Work instructions. Transcribe only part of the material below: the lines from the one containing "Kameralı AirPods ile" through the one containing "garbo35.jpg", inclusive, exactly as written.

Excerpted records.

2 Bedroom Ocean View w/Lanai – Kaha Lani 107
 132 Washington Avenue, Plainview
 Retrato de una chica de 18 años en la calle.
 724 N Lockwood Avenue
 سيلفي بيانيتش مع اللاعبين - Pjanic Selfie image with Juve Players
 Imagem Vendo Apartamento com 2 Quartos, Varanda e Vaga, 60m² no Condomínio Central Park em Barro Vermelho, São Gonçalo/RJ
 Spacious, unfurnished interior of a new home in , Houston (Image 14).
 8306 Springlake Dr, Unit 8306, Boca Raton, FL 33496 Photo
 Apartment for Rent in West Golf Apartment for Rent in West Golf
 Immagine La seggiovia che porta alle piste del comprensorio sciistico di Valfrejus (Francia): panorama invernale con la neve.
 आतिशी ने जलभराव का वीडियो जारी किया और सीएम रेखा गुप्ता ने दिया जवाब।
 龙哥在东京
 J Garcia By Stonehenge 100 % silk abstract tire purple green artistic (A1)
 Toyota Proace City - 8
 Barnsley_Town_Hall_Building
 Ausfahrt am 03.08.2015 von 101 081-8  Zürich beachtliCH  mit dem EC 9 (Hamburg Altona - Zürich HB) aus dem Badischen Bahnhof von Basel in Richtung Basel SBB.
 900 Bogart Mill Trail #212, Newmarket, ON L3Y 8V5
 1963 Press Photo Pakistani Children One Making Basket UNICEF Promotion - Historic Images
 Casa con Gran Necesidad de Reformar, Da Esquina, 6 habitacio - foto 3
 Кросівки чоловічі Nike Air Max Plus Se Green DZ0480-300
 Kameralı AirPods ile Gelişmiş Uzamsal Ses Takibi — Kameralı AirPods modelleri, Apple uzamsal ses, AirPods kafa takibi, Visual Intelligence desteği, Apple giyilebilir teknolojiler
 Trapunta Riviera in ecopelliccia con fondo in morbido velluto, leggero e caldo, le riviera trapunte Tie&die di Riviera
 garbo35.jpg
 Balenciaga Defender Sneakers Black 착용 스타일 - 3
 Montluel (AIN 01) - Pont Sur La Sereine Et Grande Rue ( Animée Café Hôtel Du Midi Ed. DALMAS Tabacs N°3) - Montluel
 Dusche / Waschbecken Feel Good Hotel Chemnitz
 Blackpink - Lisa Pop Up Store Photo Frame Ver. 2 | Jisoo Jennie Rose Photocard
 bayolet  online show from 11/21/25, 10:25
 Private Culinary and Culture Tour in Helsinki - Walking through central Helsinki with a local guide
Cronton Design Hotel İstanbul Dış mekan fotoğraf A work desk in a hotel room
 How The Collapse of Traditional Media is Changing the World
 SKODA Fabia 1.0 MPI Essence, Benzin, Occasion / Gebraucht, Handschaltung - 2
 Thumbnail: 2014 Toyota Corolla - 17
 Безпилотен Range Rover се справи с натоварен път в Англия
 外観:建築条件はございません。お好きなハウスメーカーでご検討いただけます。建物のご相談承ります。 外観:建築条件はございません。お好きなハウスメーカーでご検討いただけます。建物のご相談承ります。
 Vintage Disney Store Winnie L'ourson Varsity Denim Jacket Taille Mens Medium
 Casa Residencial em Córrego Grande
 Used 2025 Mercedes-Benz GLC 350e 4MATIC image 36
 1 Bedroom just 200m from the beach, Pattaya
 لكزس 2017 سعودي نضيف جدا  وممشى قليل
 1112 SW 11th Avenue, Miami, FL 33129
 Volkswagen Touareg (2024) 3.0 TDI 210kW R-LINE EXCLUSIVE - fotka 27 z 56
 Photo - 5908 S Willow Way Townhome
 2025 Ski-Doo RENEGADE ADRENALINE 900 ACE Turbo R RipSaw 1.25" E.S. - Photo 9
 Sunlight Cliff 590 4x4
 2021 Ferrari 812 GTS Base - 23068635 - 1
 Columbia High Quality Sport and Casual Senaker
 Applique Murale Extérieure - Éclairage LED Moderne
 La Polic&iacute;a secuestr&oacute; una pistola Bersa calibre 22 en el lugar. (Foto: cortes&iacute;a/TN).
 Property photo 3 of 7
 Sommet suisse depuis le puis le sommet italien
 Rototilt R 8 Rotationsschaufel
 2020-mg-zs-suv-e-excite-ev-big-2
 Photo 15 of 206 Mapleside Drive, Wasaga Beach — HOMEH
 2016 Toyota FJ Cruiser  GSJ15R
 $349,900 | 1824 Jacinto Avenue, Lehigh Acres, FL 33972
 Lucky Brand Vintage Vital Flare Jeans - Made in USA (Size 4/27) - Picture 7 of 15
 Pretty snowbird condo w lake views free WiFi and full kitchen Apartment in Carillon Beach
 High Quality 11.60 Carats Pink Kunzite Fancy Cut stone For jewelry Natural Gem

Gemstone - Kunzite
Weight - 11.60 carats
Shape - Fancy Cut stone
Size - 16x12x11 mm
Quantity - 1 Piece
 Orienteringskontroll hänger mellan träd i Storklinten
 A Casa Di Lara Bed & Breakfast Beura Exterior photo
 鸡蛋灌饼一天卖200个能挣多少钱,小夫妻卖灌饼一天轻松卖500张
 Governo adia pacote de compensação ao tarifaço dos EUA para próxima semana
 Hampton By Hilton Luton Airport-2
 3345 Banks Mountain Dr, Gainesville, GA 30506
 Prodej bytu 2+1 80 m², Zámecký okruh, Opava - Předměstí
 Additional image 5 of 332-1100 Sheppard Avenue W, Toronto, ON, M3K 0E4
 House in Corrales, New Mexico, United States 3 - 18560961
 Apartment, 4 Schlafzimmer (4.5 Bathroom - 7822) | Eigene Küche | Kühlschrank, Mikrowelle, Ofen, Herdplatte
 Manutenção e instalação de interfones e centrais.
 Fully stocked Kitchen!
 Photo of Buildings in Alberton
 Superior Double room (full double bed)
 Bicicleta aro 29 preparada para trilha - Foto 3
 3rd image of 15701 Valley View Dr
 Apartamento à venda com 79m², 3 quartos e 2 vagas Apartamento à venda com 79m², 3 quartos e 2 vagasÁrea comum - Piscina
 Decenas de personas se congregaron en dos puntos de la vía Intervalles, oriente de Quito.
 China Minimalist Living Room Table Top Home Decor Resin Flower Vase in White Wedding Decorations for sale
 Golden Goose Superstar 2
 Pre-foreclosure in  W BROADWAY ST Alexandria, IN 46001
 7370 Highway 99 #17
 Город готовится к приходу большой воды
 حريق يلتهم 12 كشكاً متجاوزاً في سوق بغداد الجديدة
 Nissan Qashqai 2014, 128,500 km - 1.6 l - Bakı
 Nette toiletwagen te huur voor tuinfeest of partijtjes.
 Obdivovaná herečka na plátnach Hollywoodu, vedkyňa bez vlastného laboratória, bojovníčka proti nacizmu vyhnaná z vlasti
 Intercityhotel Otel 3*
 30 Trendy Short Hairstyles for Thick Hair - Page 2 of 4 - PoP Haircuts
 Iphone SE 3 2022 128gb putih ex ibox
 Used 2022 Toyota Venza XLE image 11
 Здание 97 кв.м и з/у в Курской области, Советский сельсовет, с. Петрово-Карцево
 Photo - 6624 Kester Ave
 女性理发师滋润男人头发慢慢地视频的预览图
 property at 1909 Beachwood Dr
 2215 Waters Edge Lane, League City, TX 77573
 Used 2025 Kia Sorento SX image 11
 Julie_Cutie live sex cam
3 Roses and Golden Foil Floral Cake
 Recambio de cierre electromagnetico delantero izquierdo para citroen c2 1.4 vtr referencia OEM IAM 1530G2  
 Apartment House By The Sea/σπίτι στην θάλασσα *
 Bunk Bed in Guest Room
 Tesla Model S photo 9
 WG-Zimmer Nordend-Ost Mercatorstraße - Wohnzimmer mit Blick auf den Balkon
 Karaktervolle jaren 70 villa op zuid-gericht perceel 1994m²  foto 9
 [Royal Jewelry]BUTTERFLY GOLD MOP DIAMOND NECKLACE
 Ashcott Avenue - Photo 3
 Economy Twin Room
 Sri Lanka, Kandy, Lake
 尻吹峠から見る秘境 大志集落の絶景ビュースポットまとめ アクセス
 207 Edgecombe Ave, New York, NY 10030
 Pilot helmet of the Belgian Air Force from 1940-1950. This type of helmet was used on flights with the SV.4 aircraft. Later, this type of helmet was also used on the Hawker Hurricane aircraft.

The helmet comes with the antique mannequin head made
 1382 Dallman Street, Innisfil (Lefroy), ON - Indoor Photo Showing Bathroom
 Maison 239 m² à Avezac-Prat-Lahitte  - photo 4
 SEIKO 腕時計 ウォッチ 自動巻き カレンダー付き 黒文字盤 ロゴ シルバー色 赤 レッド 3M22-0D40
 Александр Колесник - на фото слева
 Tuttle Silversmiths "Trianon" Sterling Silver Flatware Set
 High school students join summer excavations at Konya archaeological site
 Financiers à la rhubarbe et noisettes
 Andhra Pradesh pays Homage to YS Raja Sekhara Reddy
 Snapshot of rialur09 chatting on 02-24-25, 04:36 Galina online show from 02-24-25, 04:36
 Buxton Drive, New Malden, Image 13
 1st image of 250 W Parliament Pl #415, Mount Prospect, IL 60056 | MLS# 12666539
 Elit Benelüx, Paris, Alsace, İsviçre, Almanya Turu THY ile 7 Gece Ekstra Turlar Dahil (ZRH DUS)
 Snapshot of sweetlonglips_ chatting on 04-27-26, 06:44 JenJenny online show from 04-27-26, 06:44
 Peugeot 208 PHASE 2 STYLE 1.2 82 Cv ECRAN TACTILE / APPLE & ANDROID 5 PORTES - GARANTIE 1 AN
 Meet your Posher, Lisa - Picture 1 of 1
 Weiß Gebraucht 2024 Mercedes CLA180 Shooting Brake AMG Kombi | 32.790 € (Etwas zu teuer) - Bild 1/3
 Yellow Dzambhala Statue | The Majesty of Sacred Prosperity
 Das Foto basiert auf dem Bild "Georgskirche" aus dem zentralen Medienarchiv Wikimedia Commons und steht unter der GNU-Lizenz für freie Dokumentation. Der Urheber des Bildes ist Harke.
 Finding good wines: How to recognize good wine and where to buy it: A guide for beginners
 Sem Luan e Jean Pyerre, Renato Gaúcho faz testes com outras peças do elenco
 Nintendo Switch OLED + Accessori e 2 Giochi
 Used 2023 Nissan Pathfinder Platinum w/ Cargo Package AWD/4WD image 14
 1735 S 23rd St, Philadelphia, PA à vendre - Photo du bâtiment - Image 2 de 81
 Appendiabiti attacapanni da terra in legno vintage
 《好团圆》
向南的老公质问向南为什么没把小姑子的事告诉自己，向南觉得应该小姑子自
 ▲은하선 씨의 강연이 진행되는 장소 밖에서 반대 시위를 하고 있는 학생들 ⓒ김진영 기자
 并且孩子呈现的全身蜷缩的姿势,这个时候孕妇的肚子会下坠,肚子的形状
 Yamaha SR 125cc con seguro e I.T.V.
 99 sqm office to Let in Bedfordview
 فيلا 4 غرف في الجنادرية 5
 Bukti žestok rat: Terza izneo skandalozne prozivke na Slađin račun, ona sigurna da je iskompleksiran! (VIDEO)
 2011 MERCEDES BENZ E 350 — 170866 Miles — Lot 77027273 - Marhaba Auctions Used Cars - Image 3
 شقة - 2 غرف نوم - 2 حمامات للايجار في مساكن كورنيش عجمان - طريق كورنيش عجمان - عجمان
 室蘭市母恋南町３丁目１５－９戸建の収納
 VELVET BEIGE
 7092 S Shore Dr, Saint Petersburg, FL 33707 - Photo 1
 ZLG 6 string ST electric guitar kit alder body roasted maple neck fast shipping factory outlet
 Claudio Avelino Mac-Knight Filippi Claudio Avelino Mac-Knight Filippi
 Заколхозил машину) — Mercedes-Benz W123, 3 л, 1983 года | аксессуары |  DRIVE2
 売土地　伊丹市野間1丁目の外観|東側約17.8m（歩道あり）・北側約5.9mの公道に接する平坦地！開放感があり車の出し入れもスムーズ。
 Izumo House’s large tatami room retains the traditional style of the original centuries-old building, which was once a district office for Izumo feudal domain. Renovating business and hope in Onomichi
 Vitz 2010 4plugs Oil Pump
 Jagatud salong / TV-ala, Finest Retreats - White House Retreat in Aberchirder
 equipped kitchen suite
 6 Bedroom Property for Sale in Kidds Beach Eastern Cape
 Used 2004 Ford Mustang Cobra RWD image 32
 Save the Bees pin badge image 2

Answer box.
 Kameralı AirPods ile Gelişmiş Uzamsal Ses Takibi — Kameralı AirPods modelleri, Apple uzamsal ses, AirPods kafa takibi, Visual Intelligence desteği, Apple giyilebilir teknolojiler
 Trapunta Riviera in ecopelliccia con fondo in morbido velluto, leggero e caldo, le riviera trapunte Tie&die di Riviera
 garbo35.jpg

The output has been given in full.